Accepting realities as multiple, the question becomes – how is “reality” experienced as singular? How do we come to talk about “reality” as if it is obvious and uncontested? The third proposition, therefore, is that the singularity of reality is an accomplished “fact” – it is something that is “done”. Law (2004) refers to this activity of producing a singular reality as “reality work”, describing how the world is made (performed, enacted). Part of this “reality work” involves the installing of “collateral realities”, background assumptions that shore up a particular version of reality (Law 2011). This active production of “reality” signals its political character. Basically, “reality” could be otherwise.
Recognizing that our research practices actively produce specific “realities” – that they are not “windows” on the world, but that they interfere with it (see Mol, above) – produces the obligation to reflect on the realities we as researchers create. For example, referring to “nation-states” as a part of a study on “international relations” – a seemingly innocuous research practice – reinforces the “reality” of “nation-states”, firming up their existence and accompanying geopolitical power relations (Bacchi and Ronnblom 2014: 179). The terms we adopt, therefore, are not innocent “explanatory” devices; instead, they play a central role in “world making” (Lancaster and Rhodes 2020: 4).
The flipside of this insight is the possibility of designing research projects that create new realities, which Lancaster and Rhodes (2020: 4) describe as “the inventive possibilities of method”. It is this proposition that Fraser (2020) explores in her work on “ontopolitically-oriented research”, which “sees reality as fundamentally iteratively produced in spatio-temporally specific encounters”. Fraser emphasizes how new research practices – that is, practices that differ in character from positivist practices – are required to produce new realities. She offers the example of her research on designing a new safe injecting fitpack “to better serve couples who inject together” that employed “videotaped sitdown practice encounters with couples (rather than, say, through short opinion surveys” (Fraser 2020: 8).

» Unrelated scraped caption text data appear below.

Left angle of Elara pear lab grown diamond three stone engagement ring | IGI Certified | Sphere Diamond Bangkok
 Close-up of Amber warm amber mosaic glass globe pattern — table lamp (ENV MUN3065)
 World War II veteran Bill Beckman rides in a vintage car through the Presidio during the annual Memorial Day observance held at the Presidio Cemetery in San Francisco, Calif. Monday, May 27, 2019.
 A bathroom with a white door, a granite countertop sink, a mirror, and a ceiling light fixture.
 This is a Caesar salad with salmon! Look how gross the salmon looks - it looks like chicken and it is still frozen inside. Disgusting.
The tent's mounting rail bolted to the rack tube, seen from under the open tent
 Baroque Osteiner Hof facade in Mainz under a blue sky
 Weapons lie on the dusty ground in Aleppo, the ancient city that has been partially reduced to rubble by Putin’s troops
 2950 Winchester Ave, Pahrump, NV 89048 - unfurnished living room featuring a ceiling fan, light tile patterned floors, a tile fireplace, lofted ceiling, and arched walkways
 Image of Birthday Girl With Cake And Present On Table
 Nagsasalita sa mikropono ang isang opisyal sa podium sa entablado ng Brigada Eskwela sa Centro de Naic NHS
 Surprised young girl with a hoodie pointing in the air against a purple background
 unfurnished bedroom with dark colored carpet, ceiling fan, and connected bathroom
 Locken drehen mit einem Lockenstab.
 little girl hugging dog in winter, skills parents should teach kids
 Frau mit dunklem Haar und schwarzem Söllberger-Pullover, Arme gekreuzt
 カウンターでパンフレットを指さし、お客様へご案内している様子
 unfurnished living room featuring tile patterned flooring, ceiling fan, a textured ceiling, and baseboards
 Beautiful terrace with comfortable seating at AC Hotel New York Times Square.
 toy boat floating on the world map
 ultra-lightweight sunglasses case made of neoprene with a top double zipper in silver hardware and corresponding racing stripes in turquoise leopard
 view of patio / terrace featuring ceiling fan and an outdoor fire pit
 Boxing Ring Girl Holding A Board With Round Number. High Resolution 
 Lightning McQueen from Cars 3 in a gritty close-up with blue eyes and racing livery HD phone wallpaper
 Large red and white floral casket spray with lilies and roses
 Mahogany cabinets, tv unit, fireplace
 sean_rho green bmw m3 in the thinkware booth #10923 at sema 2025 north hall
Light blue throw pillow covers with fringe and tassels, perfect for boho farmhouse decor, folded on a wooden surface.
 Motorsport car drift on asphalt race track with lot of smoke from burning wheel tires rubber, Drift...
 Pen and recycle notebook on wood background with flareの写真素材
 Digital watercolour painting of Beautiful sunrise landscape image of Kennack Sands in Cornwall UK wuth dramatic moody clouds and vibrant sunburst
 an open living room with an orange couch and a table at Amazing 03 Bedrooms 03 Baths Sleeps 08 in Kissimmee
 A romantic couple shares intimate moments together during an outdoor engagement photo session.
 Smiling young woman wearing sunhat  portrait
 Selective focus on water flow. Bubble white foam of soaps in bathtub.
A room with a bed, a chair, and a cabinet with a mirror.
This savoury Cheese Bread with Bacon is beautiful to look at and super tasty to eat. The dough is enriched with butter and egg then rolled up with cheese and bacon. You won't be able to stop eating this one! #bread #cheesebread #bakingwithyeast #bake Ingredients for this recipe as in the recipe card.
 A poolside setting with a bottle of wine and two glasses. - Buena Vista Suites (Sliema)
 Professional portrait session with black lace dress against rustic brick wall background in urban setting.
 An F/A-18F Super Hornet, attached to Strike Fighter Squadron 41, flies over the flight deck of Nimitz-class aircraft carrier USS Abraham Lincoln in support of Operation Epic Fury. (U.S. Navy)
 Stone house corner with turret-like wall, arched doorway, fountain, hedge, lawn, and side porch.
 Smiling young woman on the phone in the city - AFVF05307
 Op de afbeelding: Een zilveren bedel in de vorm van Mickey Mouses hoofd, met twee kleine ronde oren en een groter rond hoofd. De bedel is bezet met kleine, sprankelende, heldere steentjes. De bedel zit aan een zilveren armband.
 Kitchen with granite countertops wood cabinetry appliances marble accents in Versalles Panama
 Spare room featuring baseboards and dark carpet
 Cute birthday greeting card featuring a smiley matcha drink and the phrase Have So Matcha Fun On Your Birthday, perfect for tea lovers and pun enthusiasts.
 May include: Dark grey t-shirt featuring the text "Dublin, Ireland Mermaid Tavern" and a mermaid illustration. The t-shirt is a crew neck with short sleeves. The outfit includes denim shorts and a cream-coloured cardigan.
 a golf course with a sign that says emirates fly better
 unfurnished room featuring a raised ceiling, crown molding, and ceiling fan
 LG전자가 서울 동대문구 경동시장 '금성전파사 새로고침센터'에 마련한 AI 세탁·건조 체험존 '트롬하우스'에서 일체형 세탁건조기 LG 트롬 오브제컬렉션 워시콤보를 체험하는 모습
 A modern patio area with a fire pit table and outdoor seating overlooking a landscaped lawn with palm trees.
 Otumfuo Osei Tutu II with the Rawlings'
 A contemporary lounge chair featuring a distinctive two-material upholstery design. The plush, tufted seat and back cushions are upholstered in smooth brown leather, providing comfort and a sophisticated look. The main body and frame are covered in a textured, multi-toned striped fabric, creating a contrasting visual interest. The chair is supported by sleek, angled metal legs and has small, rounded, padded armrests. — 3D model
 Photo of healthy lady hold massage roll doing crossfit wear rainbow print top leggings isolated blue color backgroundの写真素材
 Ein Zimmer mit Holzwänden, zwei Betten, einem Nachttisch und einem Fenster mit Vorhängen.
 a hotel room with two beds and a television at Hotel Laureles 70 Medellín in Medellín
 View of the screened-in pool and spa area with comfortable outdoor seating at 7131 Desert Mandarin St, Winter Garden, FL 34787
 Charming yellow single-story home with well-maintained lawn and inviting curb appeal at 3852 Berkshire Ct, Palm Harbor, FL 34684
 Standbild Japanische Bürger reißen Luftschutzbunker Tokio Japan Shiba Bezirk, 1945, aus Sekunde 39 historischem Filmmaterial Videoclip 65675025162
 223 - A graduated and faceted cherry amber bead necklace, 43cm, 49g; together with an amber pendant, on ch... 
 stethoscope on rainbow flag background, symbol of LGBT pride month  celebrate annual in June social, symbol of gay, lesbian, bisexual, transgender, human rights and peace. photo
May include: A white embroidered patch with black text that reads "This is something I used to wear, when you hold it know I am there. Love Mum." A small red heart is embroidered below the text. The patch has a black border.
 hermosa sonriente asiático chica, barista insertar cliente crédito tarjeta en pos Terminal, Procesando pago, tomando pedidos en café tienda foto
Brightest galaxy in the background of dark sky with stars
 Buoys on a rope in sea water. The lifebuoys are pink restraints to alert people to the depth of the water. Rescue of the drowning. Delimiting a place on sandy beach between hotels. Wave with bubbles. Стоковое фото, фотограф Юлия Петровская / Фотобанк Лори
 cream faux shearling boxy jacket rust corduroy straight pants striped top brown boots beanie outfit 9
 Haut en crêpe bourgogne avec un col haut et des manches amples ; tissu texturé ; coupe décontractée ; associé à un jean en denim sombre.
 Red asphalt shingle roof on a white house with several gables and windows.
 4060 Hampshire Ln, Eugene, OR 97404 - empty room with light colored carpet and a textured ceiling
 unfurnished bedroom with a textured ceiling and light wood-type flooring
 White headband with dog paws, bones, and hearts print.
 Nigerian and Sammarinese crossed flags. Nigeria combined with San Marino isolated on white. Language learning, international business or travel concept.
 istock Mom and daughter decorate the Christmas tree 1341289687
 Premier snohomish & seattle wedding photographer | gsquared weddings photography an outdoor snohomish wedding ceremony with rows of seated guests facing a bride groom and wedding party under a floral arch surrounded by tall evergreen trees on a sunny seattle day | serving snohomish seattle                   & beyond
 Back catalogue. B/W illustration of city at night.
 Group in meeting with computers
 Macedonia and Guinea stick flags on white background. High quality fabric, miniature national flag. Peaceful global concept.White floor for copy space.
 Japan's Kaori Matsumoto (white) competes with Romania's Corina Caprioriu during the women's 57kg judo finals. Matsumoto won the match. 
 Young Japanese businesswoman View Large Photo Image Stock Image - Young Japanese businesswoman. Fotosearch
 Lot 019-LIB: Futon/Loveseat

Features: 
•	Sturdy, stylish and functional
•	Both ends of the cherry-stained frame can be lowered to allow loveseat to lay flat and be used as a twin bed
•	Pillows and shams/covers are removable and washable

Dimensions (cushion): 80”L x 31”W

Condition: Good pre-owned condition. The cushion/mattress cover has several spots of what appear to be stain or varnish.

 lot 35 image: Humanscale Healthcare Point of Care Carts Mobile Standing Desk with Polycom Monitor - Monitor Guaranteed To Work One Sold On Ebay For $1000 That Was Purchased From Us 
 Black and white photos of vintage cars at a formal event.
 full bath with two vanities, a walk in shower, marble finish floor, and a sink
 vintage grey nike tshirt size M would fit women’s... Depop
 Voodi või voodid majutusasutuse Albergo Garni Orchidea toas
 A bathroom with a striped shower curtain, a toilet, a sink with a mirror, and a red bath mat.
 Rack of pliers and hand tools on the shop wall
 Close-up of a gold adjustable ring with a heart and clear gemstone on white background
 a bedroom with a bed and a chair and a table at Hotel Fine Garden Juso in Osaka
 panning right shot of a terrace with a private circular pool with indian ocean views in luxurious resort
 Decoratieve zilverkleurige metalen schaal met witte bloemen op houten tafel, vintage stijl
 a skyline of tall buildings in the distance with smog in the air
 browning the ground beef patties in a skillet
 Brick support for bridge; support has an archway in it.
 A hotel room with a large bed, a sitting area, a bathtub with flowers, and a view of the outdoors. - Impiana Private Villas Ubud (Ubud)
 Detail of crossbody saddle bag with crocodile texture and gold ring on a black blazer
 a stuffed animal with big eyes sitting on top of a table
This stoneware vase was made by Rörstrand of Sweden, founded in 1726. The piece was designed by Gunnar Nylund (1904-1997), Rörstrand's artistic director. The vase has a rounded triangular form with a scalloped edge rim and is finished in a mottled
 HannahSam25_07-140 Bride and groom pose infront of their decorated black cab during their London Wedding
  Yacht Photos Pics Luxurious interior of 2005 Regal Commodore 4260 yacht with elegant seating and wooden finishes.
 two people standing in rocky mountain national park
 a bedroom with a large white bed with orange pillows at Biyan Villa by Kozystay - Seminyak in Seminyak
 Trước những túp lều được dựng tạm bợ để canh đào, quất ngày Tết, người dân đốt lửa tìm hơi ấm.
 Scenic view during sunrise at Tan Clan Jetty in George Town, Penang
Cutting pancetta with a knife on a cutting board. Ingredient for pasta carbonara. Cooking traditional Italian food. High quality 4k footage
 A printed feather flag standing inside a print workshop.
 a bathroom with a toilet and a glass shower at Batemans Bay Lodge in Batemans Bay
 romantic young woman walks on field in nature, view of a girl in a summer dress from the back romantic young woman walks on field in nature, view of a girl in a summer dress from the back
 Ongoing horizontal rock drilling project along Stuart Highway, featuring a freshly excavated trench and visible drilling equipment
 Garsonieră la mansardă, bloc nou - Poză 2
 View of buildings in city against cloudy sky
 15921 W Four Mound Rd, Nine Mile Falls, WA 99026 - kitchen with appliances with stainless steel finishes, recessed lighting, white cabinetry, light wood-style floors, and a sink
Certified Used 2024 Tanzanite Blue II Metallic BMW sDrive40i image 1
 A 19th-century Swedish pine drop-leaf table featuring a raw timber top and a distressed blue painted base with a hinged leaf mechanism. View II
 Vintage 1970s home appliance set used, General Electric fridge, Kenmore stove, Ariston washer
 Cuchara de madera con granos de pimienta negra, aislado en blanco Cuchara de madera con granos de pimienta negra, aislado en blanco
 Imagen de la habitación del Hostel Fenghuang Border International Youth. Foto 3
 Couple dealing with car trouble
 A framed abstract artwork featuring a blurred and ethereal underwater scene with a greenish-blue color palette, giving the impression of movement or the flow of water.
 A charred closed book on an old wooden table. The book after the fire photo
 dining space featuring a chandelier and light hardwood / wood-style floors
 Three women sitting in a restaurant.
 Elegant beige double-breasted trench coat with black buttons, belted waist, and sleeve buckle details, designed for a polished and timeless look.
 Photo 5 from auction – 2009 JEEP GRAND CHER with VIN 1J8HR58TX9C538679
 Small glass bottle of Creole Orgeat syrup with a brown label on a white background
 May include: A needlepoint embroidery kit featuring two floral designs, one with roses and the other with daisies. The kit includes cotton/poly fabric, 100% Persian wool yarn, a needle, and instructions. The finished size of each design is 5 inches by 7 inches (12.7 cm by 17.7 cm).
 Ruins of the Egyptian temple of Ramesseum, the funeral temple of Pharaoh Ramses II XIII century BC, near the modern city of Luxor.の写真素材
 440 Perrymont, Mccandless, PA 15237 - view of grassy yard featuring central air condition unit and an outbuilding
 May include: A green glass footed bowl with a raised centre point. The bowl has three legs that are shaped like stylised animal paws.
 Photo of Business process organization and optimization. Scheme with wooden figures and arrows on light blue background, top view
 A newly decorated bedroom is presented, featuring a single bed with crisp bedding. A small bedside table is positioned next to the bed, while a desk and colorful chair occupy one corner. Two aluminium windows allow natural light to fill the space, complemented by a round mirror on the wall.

In Fraser and in my own work, references to “ontology” refer to “reality work” as in Law, not to “the vibrancy of matter”, as in Bennett. “Reality work” or “world-making” research recognizes “a dynamic ensemble of matter and meaning” (Lemke 2015: 14) and explores “the relationality of how materialities work in concert” (Lemke 2018: 42).
I am suggesting here that there are starkly different trajectories within a broad “ontological turn” – i.e., the focus on “reality work” in STS and the emphasis on “vibrant matter” in “new materialisms” – and that these distinctions raise a host of important questions about the relationship between theoretical stances and politics. Fraser (2020: 4) notes that seeing all inquiry as constitutive of its objects of study leads to the need to consider “whose realities count”. Lemke argues that the “new materialist” focus on “vibrant matter” is associated with a conciliatory approach to political disputes. He describes Bennett as intent on ending the “blame game” in politics, rendering obsolete any idea of a “strong responsibility” (2010: 37 in Lemke 2018: 43) – i.e. holding any particular group or subject responsible for outcomes we consider dangerous or deleterious. There are links here to a long-standing tension in the relationship between critical theory and scientific “truth”, a tension explored in the next entry.